GreenMatt over 12 years

@J.F. Sebastian: I may not have the terminology perfect, but I believe I've provided a good way to think about this. The answer has been changed & expanded.
neurino over 12 years

@J.F. Sebastian: honestly I don't think everything that can fit in a one-liner is more pythonic than 3 lines of code, I wanted to emphasize that Gilder was using enumerate while GreenMat was stuck (he edited his answer) to for x in xrange(len()). Cheers
GreenMatt over 12 years

@neurino: Granted I'm an "old school" programmer trying to update my skills myself; thus I tend to think for x in xrange(len(l)) first. As such, I expect for x in xrange(len(l)) will be more familiar than for x in enumerate(l) to someone coming from C/C++ (which the OP professed to being). Is it better to be more Pythonic or to focus on the core issue and use more familiar syntax on things that are necessary for the example but not central to the problem? (I don't think there's a single correct answer to that.)
jfs over 12 years

@neurino: I've used list comprehension to replace O(N**2) loop over foo[:] with foo.remove() in it (3rd example). I've nothing against the first example with enumerate(). It should be obvious due to 1st and 3rd examples do different things and the list comprehension produces similar result to the 3rd example.
jfs over 12 years

@GreenMatt: I can't revoke my vote unless you edit the answer (it is a feature of SO).
jfs over 12 years

I remember the whole "Names refer to objects. Names are introduced by name binding operations" terminology just clicked when I saw python.net/~goodger/projects/pycon/2007/idiomatic/… So you don't change change member you just bind it to another object.

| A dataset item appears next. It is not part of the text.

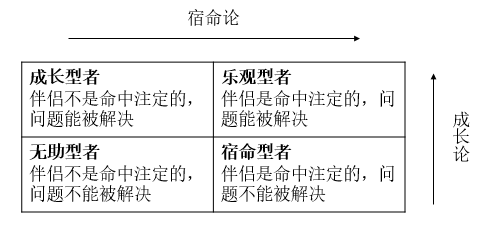 信封与液压技术有关系吗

And though member is not one of the objects in the list at any moment, it refers to each of them.
neurino over 12 years

@GreenMatt: I agree being pythonic is not mandatory however if I never heard about being javanic or *C*inic is because python offers a slight different way of thinking about programming and writing code, the early you get it the better IMHO. Anyway there are situations where all you need is and index and nothing else, in that case I go with xrange(len(l)) and don't feel being less pythonic... :)
neurino over 12 years

@J.F. Sebastian: honestly in the same situation (3rd example) I'd go with list comprehension too (if condition does not appear to be cumbersome or awkward) Cheers
GreenMatt over 12 years

@J.F. Sebastian: I think I had edited the entry after your downvote. However, I have edited it again (hopefully improving it).
jfs over 12 years

btw, there are no primitives in Python unlike in Java. Integers are (immutable) objects.
Syndacate over 12 years

@neurino: I have little interest in it being pythonic, the code is for me for a class, if it was up to me it'd be in C++, but it's not up to me. It needs to work correctly, that is all. Every language has their "nics" - C gurus try to be very tricky with some utility and syntax black magic, Java gurus try to design a hello world program to be modular, haskell gurus pride themselves in 1 line recursively functional function calls, etc. I don't think there's any really "correct" answer, either, just what one prefers. That being said, I do now understand the name-binding concept python uses.
neurino over 12 years

@Syndacate: you should have written you have little interest in python at all otherwise you should care about language specs and zen. Cheers
r.v over 10 years

The name binding works the same way as in Java. I could not see any difference.
Sqeaky over 8 years

In java primitives like ints and booleans are passed by value and everything not a primitive is passed by reference. Binding to a name is similar to passing by reference, minus the type safety and probably a few other details. In java a reference maintains, at least into compilation, type data about what it can refer to python names have no such restriction.